== AVAILABLE DATA

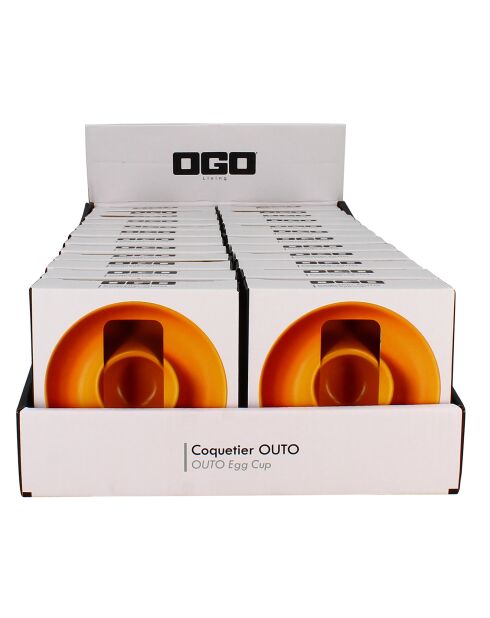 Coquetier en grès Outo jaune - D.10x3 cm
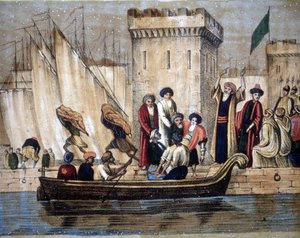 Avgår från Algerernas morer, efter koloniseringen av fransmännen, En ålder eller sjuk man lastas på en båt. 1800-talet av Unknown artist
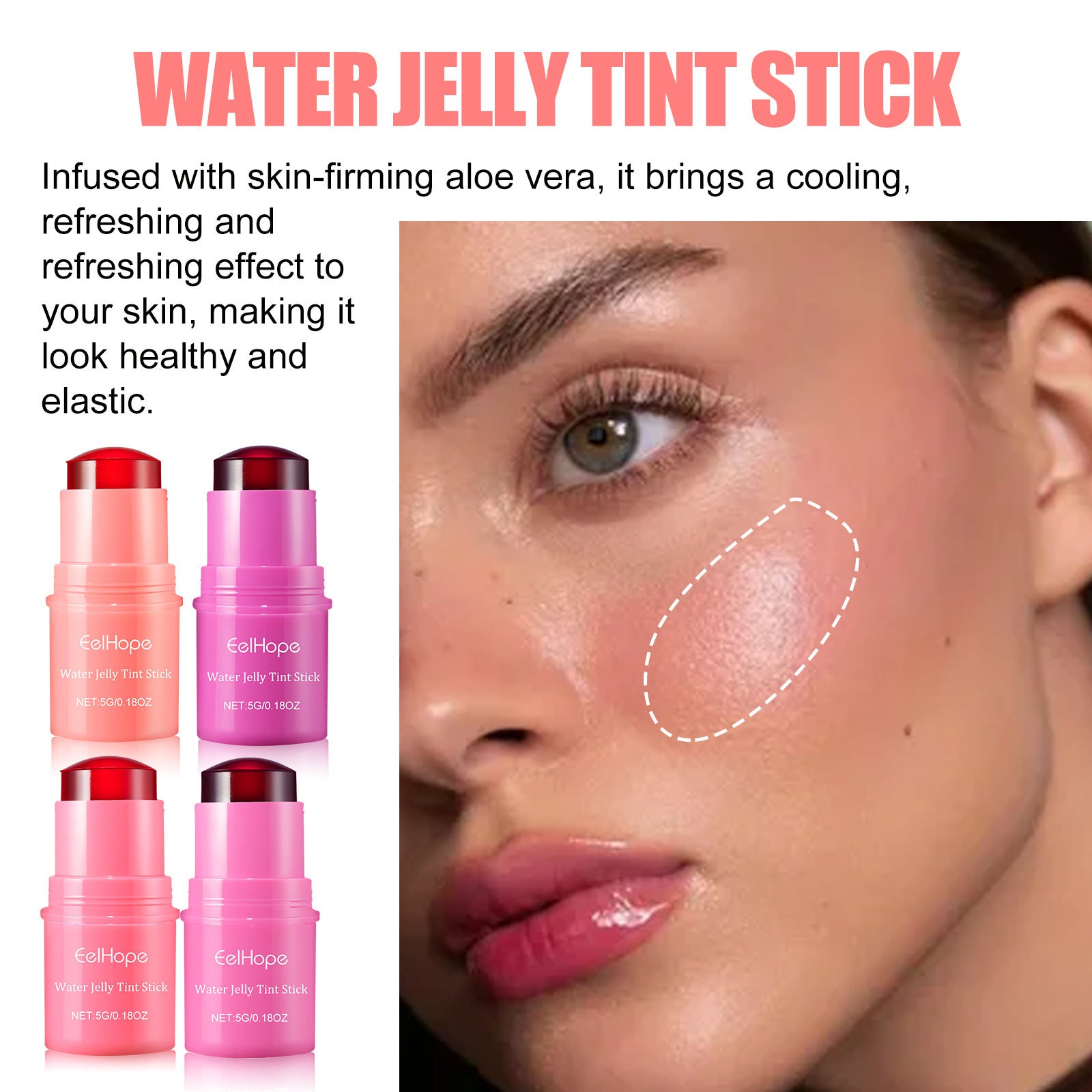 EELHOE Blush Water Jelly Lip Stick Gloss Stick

====
== AVAILABLE DATA

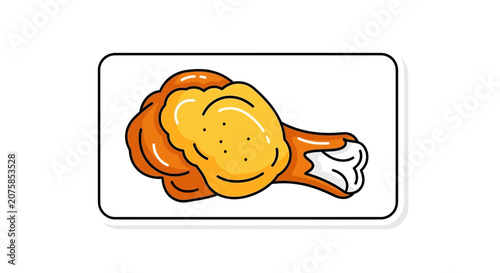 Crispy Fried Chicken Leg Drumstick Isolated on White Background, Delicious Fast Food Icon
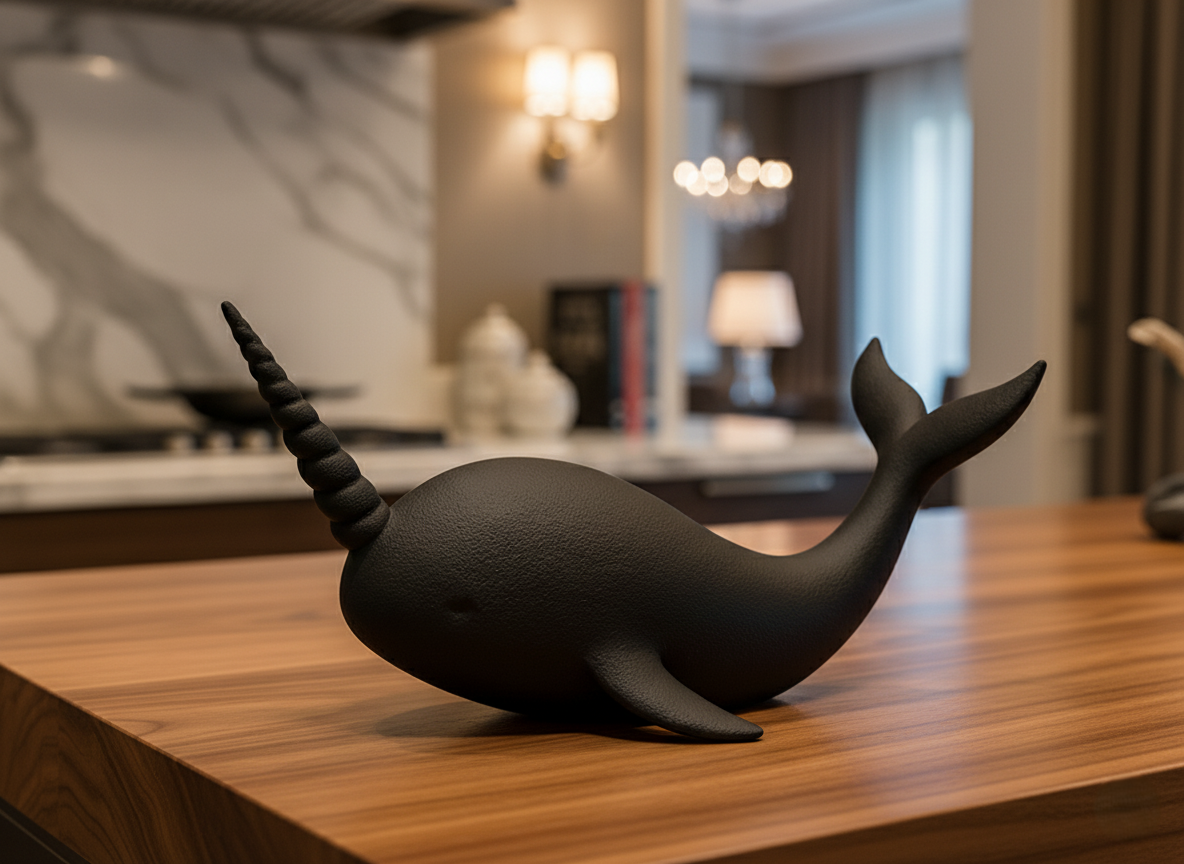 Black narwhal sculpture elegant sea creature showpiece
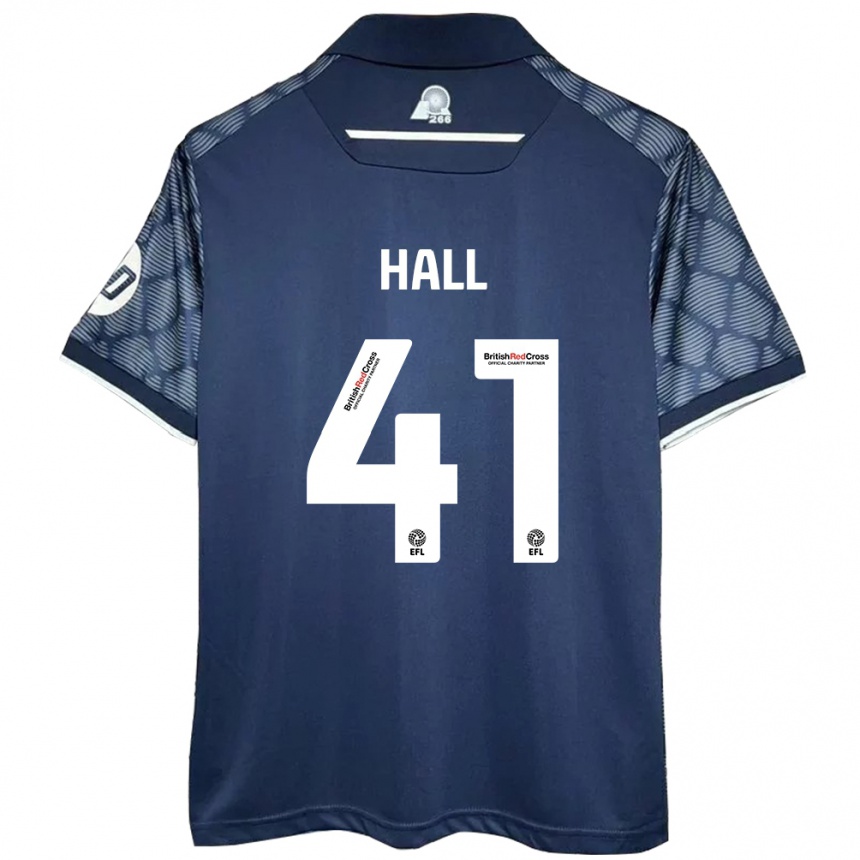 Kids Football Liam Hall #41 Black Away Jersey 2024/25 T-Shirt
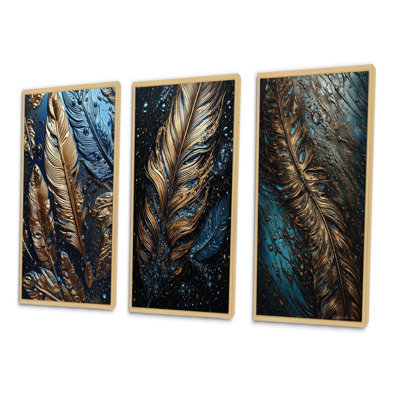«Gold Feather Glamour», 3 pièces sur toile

====

AIM OF THE TASK ▸
With the pictures removed from your copy, retype the lines above from the one that contains "Kids Football Liam" through the one that contains "pièces sur toile", exactly.

EXERCISE RESPONSE ▸
 Kids Football Liam Hall #41 Black Away Jersey 2024/25 T-Shirt
«Gold Feather Glamour», 3 pièces sur toile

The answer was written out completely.